Soo 74 DIFFERENT people have visited my page in the last 24 hours ... and not one of them have donated to the charity :( I must say, im pretty disappointed. I thought in a group of 'supportive' and caring moms, that at least a small percentage would care about innocent suffering babies and their families. I mean only £2 to go straight to charity, what can be so worth it that someone cant even spare 2 quid?!! Well, i guess it just shows what people are like these days, its a real real shame.
As for us, DS lungs are showing no sign of improvemnt and his heart is under an increasingly amount of pressure. Ive had alot of medical appointments recently and im trying hard to keep eating and getting some sleep when i have the time. The sunshine is out (even tho its freezing), it keeps me positive - until i dream about playing in the park with Giaan, or taking him for a walk, then i know it might NEVER happen. Now when i sit in hospital and stare out the window at the sunshine, it shatters my heart all over again.

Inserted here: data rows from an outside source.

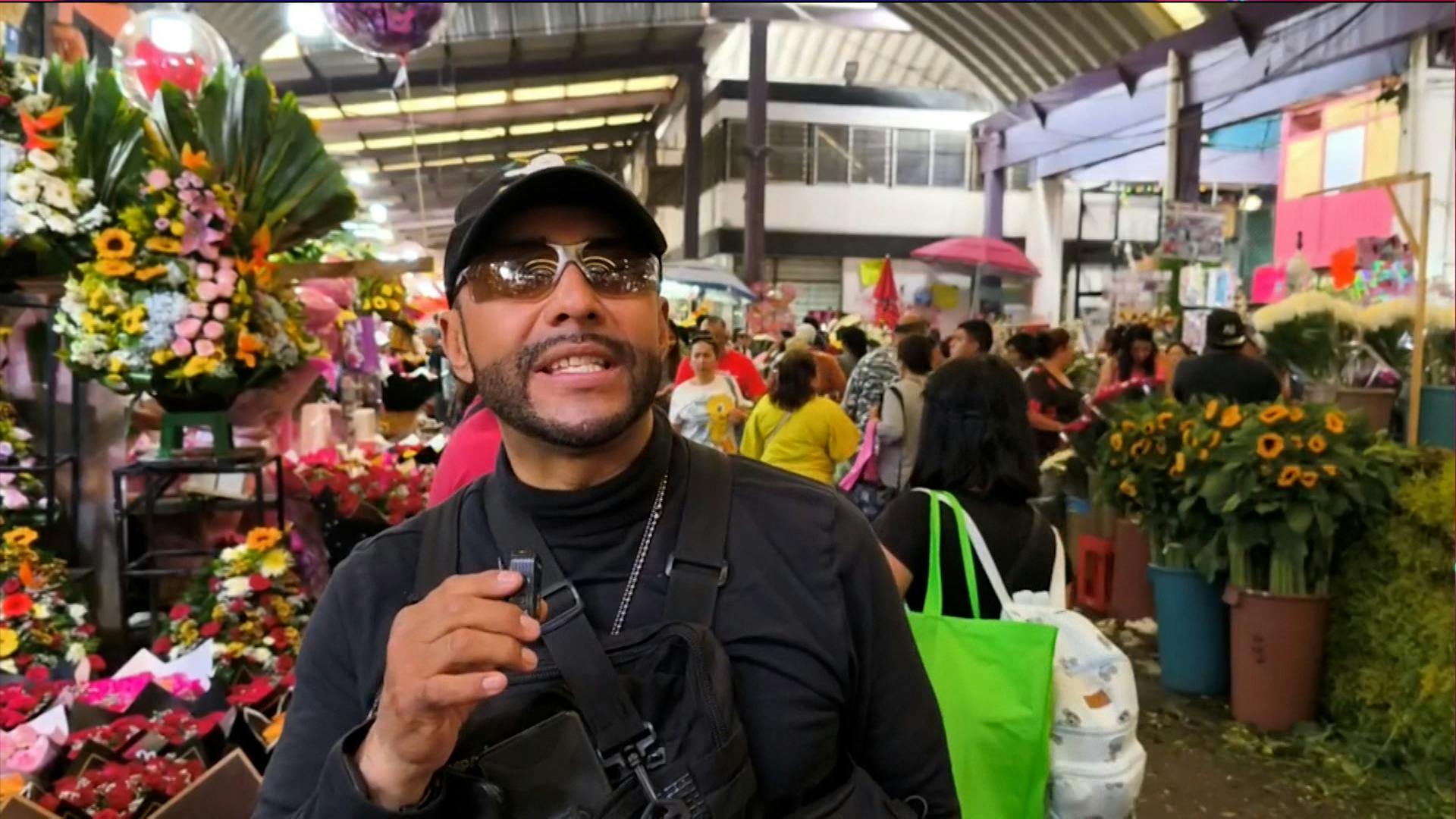 El Diablo Becerril se lanzó al Mercado de Jamaica a comparar los precios de las flores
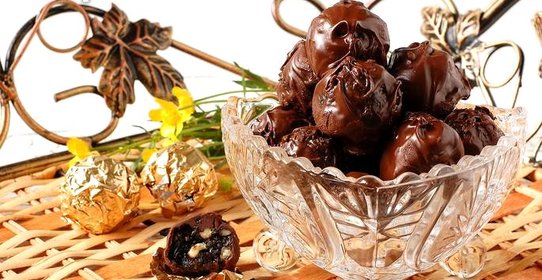 Чернослив в шоколаде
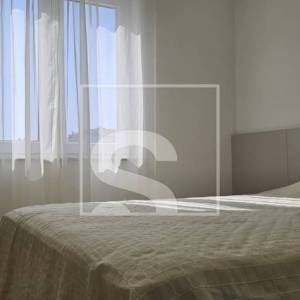 Stan u prizemlju sa velikom terasom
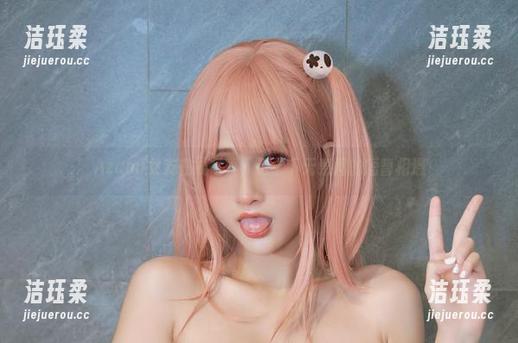 Azami Azami女友在线写真,记录下无意间的短暂相遇
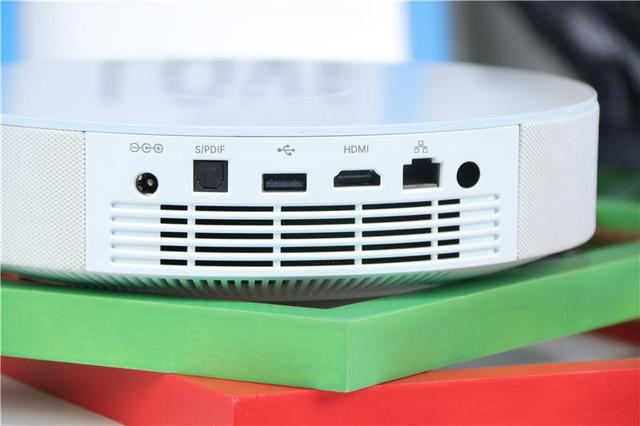 坚果发布全新G9投影，配置进口音响800流明，首发仅2799元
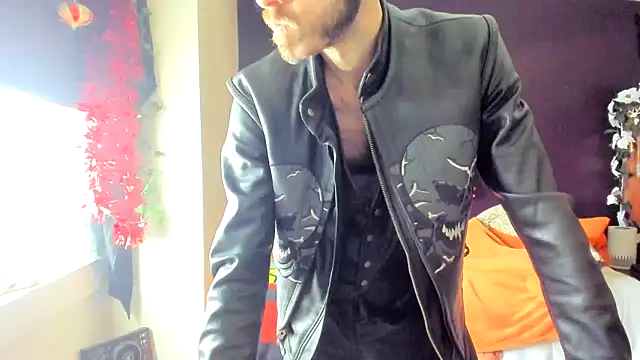 leatherz69 online show from 03-03-25, 05:31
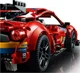LEGO Technic Ferrari 488 GTE motor V8 foto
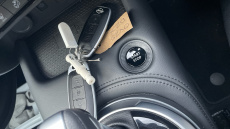 Nissan Juke 1.6 Hybrid N-Connecta 5dr Auto Hybrid Hatchback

:( Im so angry, frustrated and upset right now. Im so devasted and heartbroken, i want to scream but im too tired to even cry. Im too tired for anything. Why do things have to be so hard?
APRIL 23:
Last week DS tested positive for virus, hes been in isolation pending further tests. His lungs are real bad and oxygen settings are up. They are pretty sure he has bronchitis again. Hes been suctioned and his mucus is being cultured again. Just now im just waiting and praying and taking things as they come. Hes getting treatment for the bronchitus symptoms, this should help alot, but it really depends if he shows positive for the virus again. He has to have 3 negative tests before hes allowed out of isolation again. We'll have the second test results back soon. Thank yall for caring about my lil soldier x x
183 people have visited my page since i told yall about the charity im fundraising for in the memory of the babies we've lost. 3 wonderful mommas have donated, i just wana thank you girlies SO much :) It means so much to me. Our religion teaches us to donate 10% of all of our earnings, this is something i strongly believe in and DS is being raised with these values; to help others whenever and wherever we can. Im glad i met you girls, it gives me hope, and it will help all the other preemies and their parents. Thank yew x x x
APRIL 27:
Soo, our wee snuggle bum is still in isolation following the positive RSV result. The bronchitis is pushing him and hes having to be suctioned alot, at least twice whilst im there (6-7 hour period daily). Its a horrible thing for him to go through, and it hurts me too :( Its all putting more pressure on his already failing heart. Its just one thing after another and it SUCKS! As if the CLD wasnt enough! They took more cultures and we still need to wait for another negative as they cant have him near the other babies just incase. Its nice having our own lil space though, only bad thing is i have to wear a mask & gown which messes up our bonding and snuggle time :( Praying for him to stay strong. Hes on meds so hopefully his bronchials will be abit better soon (apparantly it can take many months for them to heal depending on how long this goes on for). The most important thing is to keep his oxygen levels up without working his heart too hard. The quicker the inflammation goes the better as it can cause long term damage and/or be fatal. They said he is doing well to just be using cpap right now as most preemies with RSV end up on the vent. They are thinking about giving him some steroids. Or, if it doesnt improve he will have to go back on the vent to help his heart out for a few days. Personally im terrified that going back on the vent, he will never get off it again. In his better times he began fighting the vent and came of it relatively smoothly, but most the time he seems to become quite dependent on it and that really scares me. Praying for his lungs to keep functioning on the cpap and for his levels to stay high.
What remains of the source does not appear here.